Por que escrevo isso?
 
Não reconheço mais todos os passos que dei para chegar a ser quem sou, mas alguns fatos, embora na aparência insignificantes, foram tão marcantes que, pensando neles reconheço coisas que aparentemente foram inerentes à minha vida, já que nem lembro quem foi que me ensinou.

Estudei em uma escola de roça multisseriada. A escola tinha até o terceiro ano primário. Para que eu entrasse no ginásio era preciso o diploma de quarto ano primário. Assim é que em determinado mês de outubro meu pai me levou para o internato em Andrelândia. De lá fui para São João Del Rei, também no internato. E quando se percebeu que seria impossível manter todos os filhos no internato, meu pai mudou-se para Lavras. Já éramos oito filhos na ocasião, nasceram mais dois.

Minha pequena cidade, Arantina, ainda hoje tem menos de três mil habitantes. Lavras, na minha cabeça, era uma cidade enorme de uma rua só, que começava na Estação Ferroviária e acabava mo Quartel da Polícia Militar, que ficava no fim do Mundo. A Rua Direita que se desdobrava em várias denominações. Morávamos na Rua Santana, a mais chique da cidade, onde o bonde passava, subindo e descendo. A minha escola ficava em uma rua secundária, paralela a nossa Rua. Quando a sirene tocava dando o primeiro sinal é que eu ia escovar os dentes e pegar o meu material escolar, porque sabia que daria tempo para chegar na hora. Era uma Escola só para Mulheres, mantida por freiras, como as duas em que eu estudara antes. Nesse período duas coisas aconteceram que hoje, pensando nelas, vejo que ali no primeiro ano do que seria o ensino médio, eu já mostrava quem eu era e que se solidificaria para sempre. Todos os dois fatos aconteceram logo no início do primeiro ano, ouso dizer que o primeiro, na primeira aula de português.

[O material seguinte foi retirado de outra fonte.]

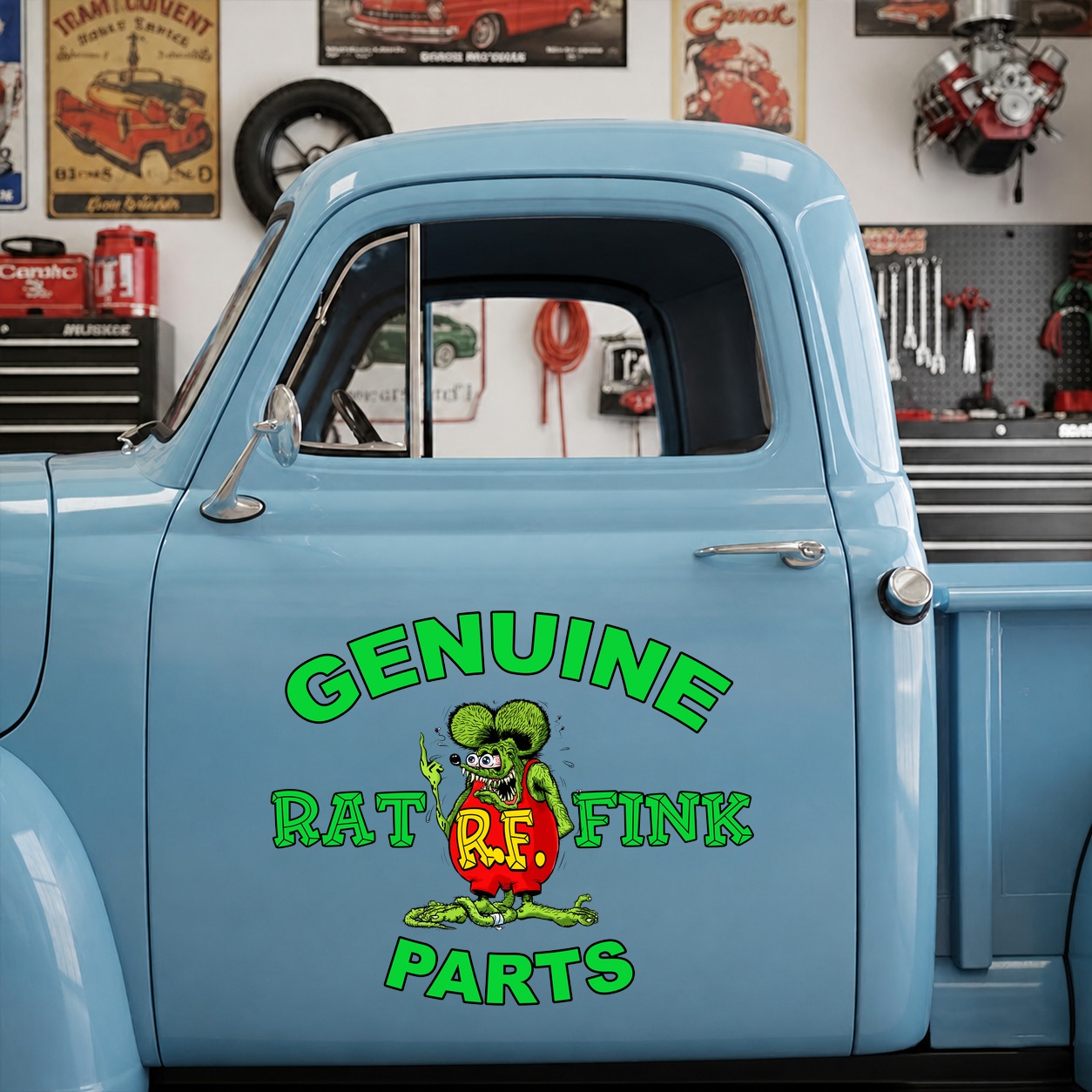 genuine parts | hot rod garage | lowbrow art | kustom kulture | old school garage vinyl sticker 09966 - Image 8
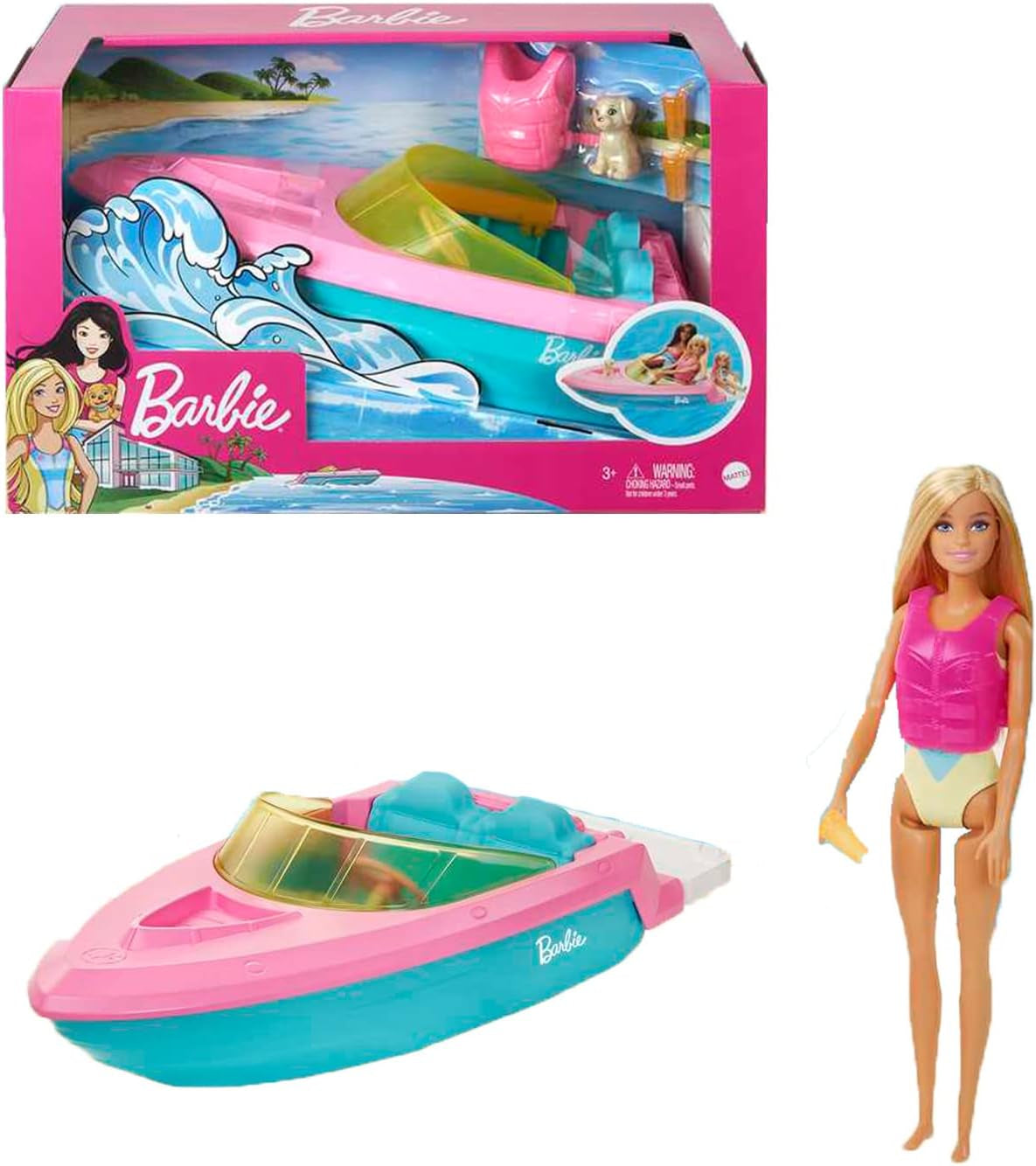Barbie Speedboat Set, Barbie Doll med blont hår, Rosa flytväst, Båt, Valp, Accessoarer, Presenter för 3+, Grg30 Naty Shop Dolls Barbie Speedboat Set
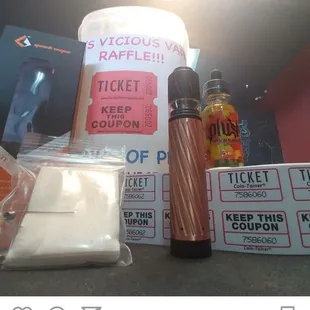 Awesome raffles for great products here at Vics Vicious Vapes!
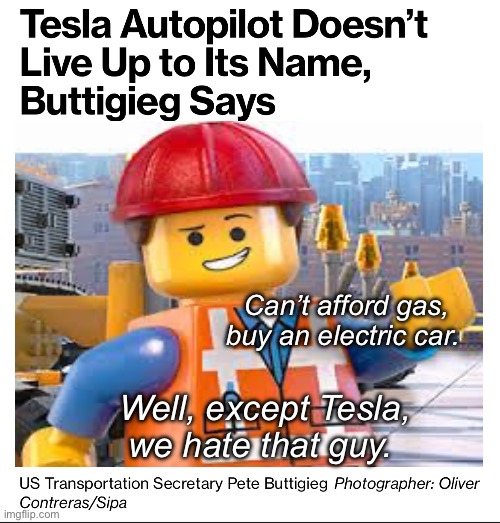 Buy electric. Just not that one. | Can’t afford gas, buy an electric car. Well, except Tesla, we hate that guy. | image tagged in politics lol,memes,derp | made w/ Imgflip meme maker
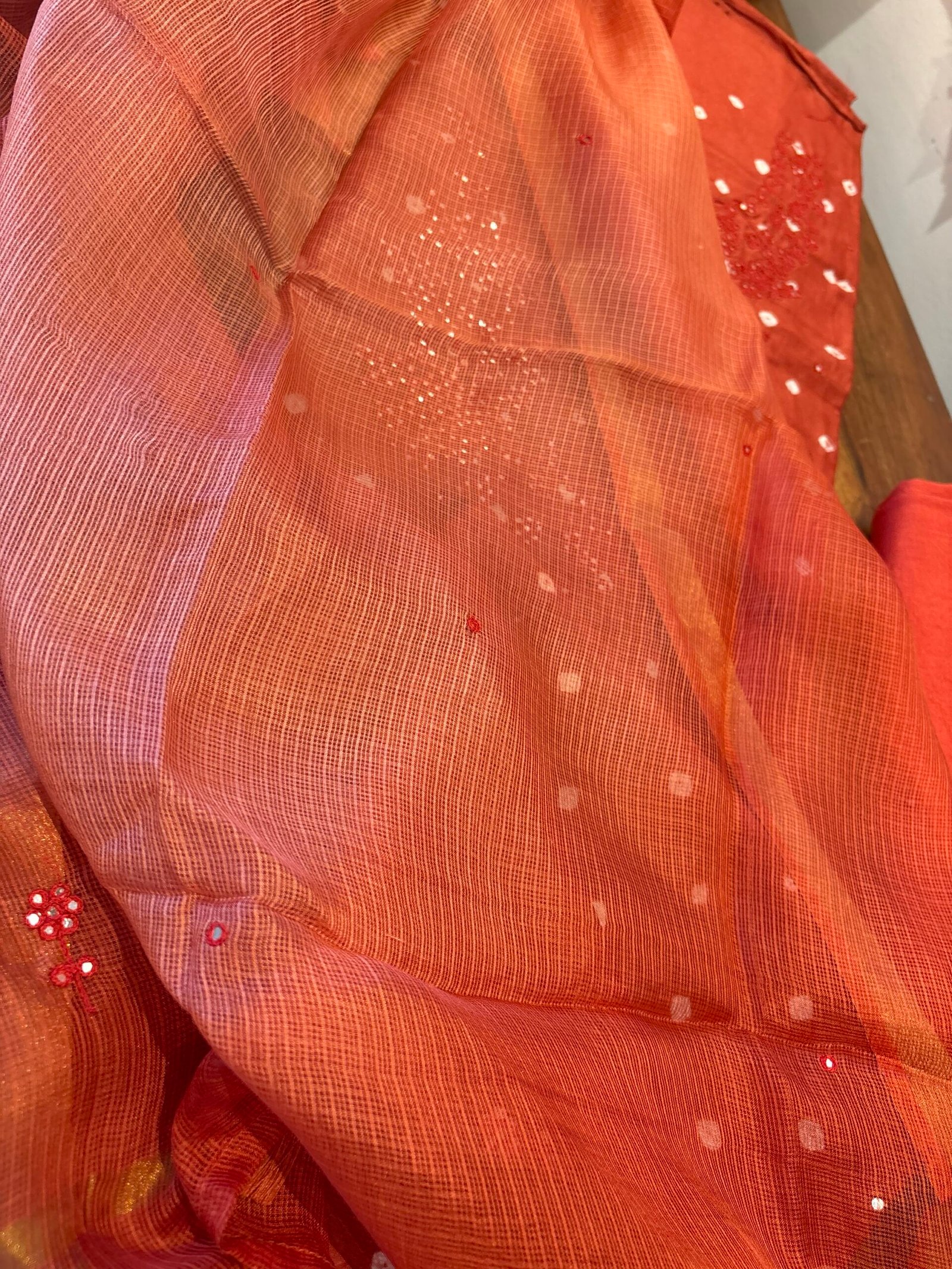 Bandhej and Handwork on Pure Chanderi Silk Salwars and Pure Kota Silk Dupatta by Ikhtirah - Image 7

Lá estava a aula correndo com a classe em silêncio sepulcral. Era uma aula que eu estava gostando muito e prestava muito atenção. Na sala, a freira elegante e soturna em seu hábito de esposa de Cristo, escrevia no quadro o nome de obras e seus autores. Quando de repente a roceirinha lá na frente levanta a mão e diz: esse livro aí não foi escrito por esse autor. Como assim? Um zunzunzum começou a circular e a freira continua: claro que foi, menina, quer saber mais do que eu?  A roceirinha que era eu então responde:Quero não, mas quem escreveu foi fulano. Juro, eu daria tudo para lembrar que livro era esse e quem o escreveu. Mas só me lembro de na hora do recreio todos estarem comentando o assunto. E uma daquelas meninas com quem eu iniciava uma amizade por toda a vida, me perguntou:Como você teve coragem de questionar a Irmã Regina? Até hoje sinto o espanto que senti por compreender que as colegas tinham medo da professora, coisa que eu nunca senti: medo de dizer o que penso, quando penso que estou certa.

Tempos depois lá estava eu, orgulhosa por ser filha do dono da melhor padaria da cidade, do lado de dentro do balcão, olhando placidamente o movimento da rua. Uma de minhas novas colegas passou. Talvez a mais bonita delas. Olhou-me de soslaio e mal me cumprimentou, antes acelerou o passo. No outro dia, em um dos intervalos das aulas, ela se aproximou de mim e perguntou-me: Você não tem vergonha de ficar do lado de dentro do balcão como uma empregadinha qualquer? Acho que levei tanto susto que nem respondi.

O tempo passou, eu formei-me, fui ser professora, meu pai morreu e com meus irmãos, herdei a Padaria. Naquela semana minha foto e meu nome saíram no jornal – Eu seria a nova Secretária Municipal de Educação e Cultura. Passando pela Padaria em meu primeiro dia como Secretária, entrei para ver se tudo estava certo. Vi o balcão apinhado de fregueses, os funcionários atarefados e a pia cheia de copos sujos. Nem pensei, fiz o que sempre fazia – fui lavar os copos. Foi aí que um dos fregueses dirigiu-se a mim dogmático: Ei, agora você não pode mais fazer isso. Fazer o que, perguntei. Lavar copos. Face ao meu olhar inquiridor ele continuou – Você agora é uma autoridade, Secretária de Educação, pega mal você ficar atrás do balcão lavando copos.

Por que escrevo sobre isso? Porque hoje é o Dia Internacional da Mulher e gosto de pensar que me transformei em uma mulher que absolutamente nunca me preocupei com o que os outros pensavam sobre mim.